In the early years of the new century, Wexford natives Nicholas Fortune and his wife Ellen opened their draper's shop here. In 1911, their son James and daughter Mena were both still in primary school, and it was the latter who would eventually become synonymous with the shop that, over the years, diversified from its sartorial beginnings. Nominally a stationer's, Fortune's became what you might accurately describe as an emporium of the sacred and profane, selling everything from newspapers, comics, sweets and cigarettes - There used to be a huge Players Please sign on the gable of the building - to statues, rosary beads, holy pictures, Mass cards and Donald McGill's saucy postcards. In the early 1960's, before The Late Late Show supposedly brought sex into Ireland (!), the latter had a magnetic effect on passing schoolboys. In an idiom of the time, our eyes were out on stalks. Or, as one scholar - whose grasp of geometric theory would have pleased Pythagoras himself - was heard to exclaim: "Me two eyes was at right angles"!
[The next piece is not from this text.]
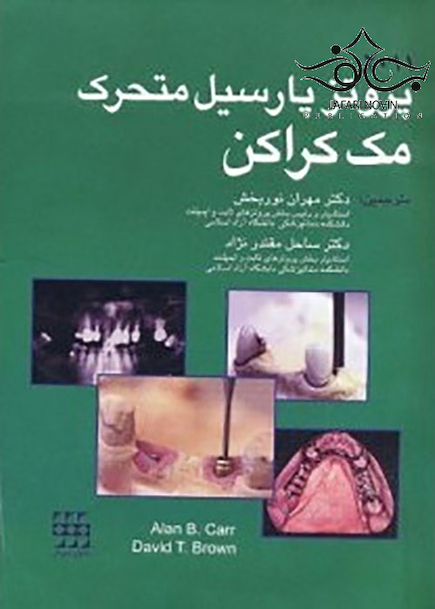 پروتز پارسیل متحرک مک کراکن 2011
Fortune's also had special significance for the younger brothers and sisters. When the window on your right was suddenly filled with Annuals, they knew for certain that Santy was polishing his sleigh. On their way home from 'The Brothers' and the Convent, they used to gather around that window, and even today, I can hear my own voice amidst the excitement that still echoes down the years:
"I'm getting Bunty."
"You are not 'cos I am."
"I'm getting Judy so!".
"You're too young!"
"There's Dan Dare!"
"I got that one last year."
"I got two."
"Look! There's Gnasher!"

Well into living memory, Philomena 'Mena' Fortune was universally known as Miss Fortune, a title that totally belied her smiling, gracious nature. After her death, the business was run by the McGowan family from Station Road (the late Maura McGowan was her niece). Esther O'Brien, who had worked there for years, subsequently became manageress and, from the early 1990's, the shop was run by the Fennell family from Coote Terrace.

In 2003, the tenant here was Nationwide Cellular, a mobile phone outlet and, in more recent years, Krazy Kidz, a children's clothes shop which later relocated to the Shopping Centre. Today (June 2014), the premises are occupied by iRepair Shop, a specialist phone/laptop repair service.